The number of nearest neighbor cells (K) used in the Gaussian kernel for capturing local heterogeneity and reducing the influence of high-order neighbors in spatial autocorrelation and co-expression: We evaluated three values for K: 5, 10, and 30. Our observations indicate the following effects: a) Increasing K leads to a larger number of regulons, but without significant differences in their significance. b) The results are relatively stable across different values, although the number of detected regulons increases with increasing K values. c) Considering the biological context, where each cell is typically surrounded by approximately 10 neighboring cells, we have fixed the pipeline to use K =10 as the default value.
The choice of spatial autocorrelation methods: We compared the performance of the intersection gene set using different methods, Hx, Ix, Cx, and Gx. Our analysis revealed the following: a) The majority of the SVGs detected by these methods are shared, indicating a certain level of agreement among the methods. However, each method also uniquely detected some SVGs, suggesting that they may capture different aspects of spatial variation. b) The intersection of all four methods yields more precise regulon boundaries, resulting in a smaller number of regulons and clearer spatial patterns, compared to the intersection of three methods in most cases. Based on these findings, we have chosen to use the intersection of all four methods in our fixed pipeline.

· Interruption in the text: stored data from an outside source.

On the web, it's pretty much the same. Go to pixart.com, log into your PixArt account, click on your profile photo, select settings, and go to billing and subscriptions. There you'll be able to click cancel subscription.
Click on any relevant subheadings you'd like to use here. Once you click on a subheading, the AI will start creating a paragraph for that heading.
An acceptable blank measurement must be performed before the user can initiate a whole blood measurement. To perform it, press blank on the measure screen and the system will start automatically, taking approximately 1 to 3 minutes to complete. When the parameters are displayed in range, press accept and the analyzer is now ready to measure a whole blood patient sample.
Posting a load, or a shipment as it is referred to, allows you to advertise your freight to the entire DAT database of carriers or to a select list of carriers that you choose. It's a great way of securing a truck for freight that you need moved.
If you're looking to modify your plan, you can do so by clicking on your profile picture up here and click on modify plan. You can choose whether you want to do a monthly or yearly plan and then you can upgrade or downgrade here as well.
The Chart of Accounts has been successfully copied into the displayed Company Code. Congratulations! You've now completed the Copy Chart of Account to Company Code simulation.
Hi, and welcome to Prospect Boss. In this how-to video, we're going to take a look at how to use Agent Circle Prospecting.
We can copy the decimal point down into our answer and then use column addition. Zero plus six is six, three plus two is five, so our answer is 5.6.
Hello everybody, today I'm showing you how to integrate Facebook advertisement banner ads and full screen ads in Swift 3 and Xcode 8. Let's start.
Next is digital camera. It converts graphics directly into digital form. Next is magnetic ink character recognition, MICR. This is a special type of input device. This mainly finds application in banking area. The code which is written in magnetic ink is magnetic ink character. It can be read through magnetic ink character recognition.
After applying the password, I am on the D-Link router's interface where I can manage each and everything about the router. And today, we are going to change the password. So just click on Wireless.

The choice of spatial co-expression methods: We compared the results obtained using two co-expression methods: bivariate Moran’s I Ixy and bivariate Geary’s C Cxy. Our analysis demonstrated the following: The differences in the output results between Moran’s I and Geary’s C are minimal. Specifically, the number of regulons, the TFs identified in the regulons, and the composition of target genes within regulons with the same TF are all similar. Based on these findings, we default to the Morlan’s I method for co-expression network inference in our fixed pipeline.
Warning¶
Note that it is recommended to utilize the intersection set of spatially specific genes generated by five different gene autocorrelation detection algorithms by default. The intersection strategy ensures a more robust and reliable identification of spatially specific genes. Throughout the manuscript, we have consistently employed the intersection of gene sets unless explicitly stated otherwise.

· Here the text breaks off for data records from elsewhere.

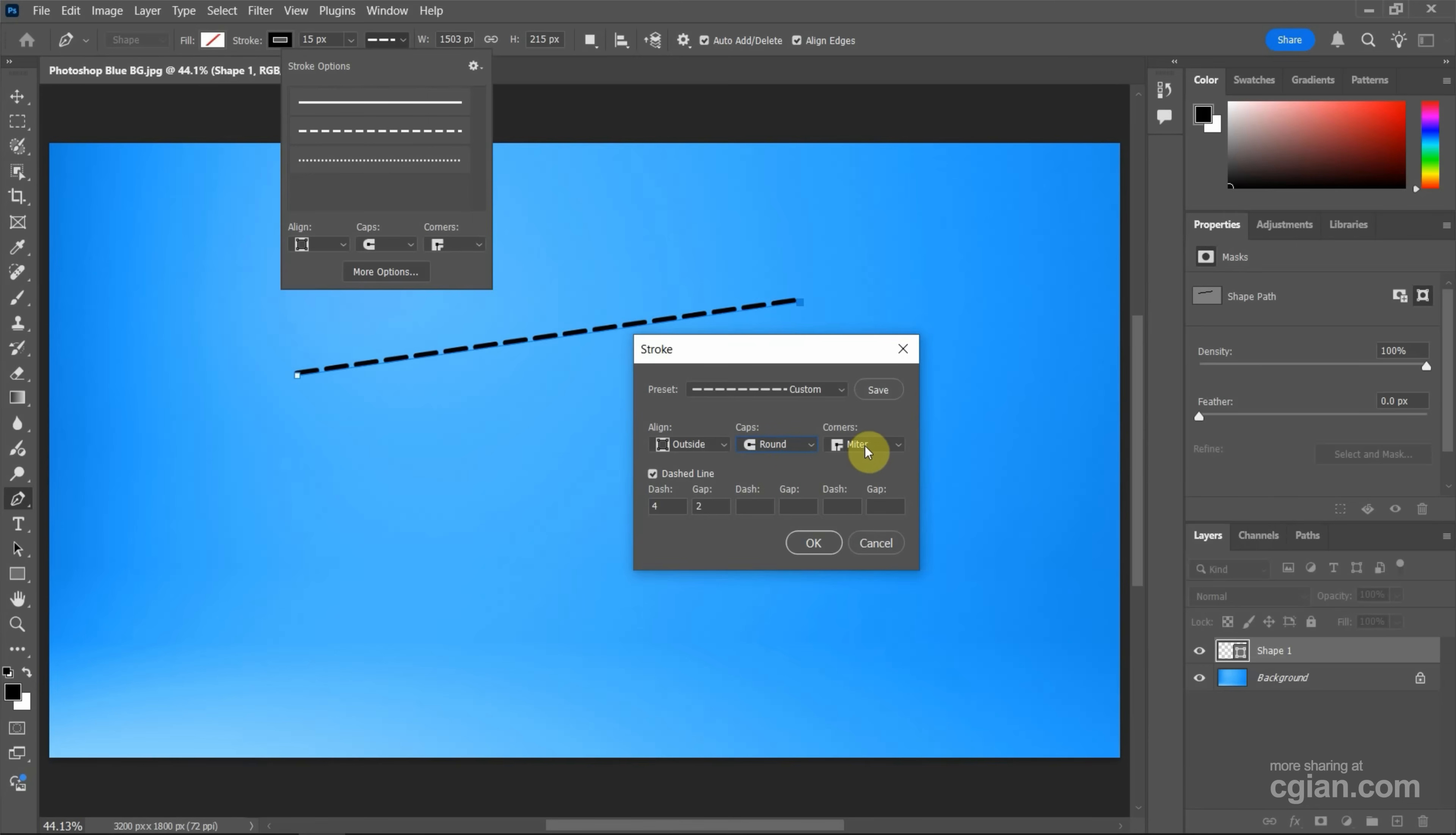And we can set the corner to round or bevel. This is the straight line. It doesn't have the corner. So I skip it.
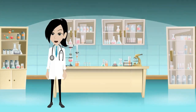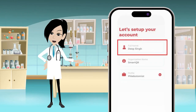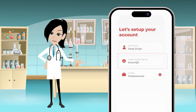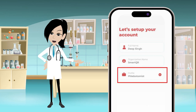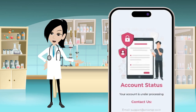Set up your account by filling in your full name, selecting your organization, and selecting your profile. Click Submit. We will provide you access in a few hours, then you can use the application for hemoglobin screening.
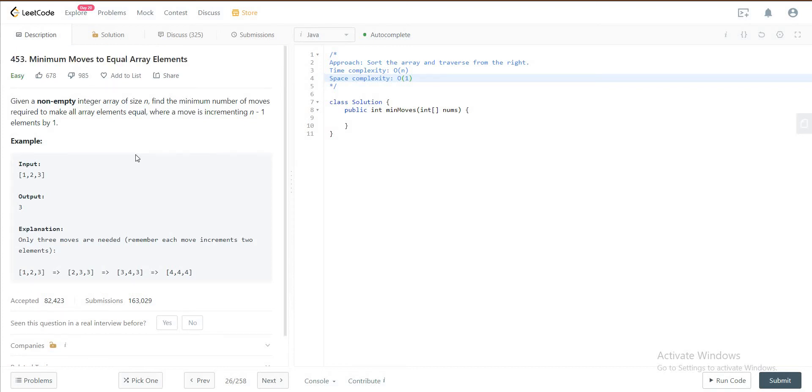Hey folks, welcome to another video. Today we'll be looking at question 453, minimum number of moves to equal array elements.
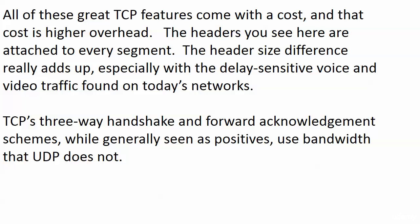And also, the three-way handshake itself and the forward acknowledgment scheme itself, those are generally seen as positives, but they do use bandwidth. TCP is using bandwidth to make that three-way handshake happen. The forward acknowledgment scheme, the acknowledgment scheme period, uses a little extra bandwidth. There's a little more work for the devices involved. So it's using bandwidth that UDP does not as well.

To mitigate the potential overshadowing effect of large-sample cell types or functional regions on those with a small number of spots or cells, we strongly recommend adopting Moran’s I co-expression method as the default approach, especially for complex organ and tissue structures. This method has proven to be effective in generating spatial GRNs specifically expressed in rare cell types or regions using various datasets. Additionally, users have the option to crop the area of interest, which can increase the sample size of cell types or functional regions with limited spots or cells. This approach has the potential to improve the ranking of specific co-expressed targets, further enhancing the accuracy of the analysis.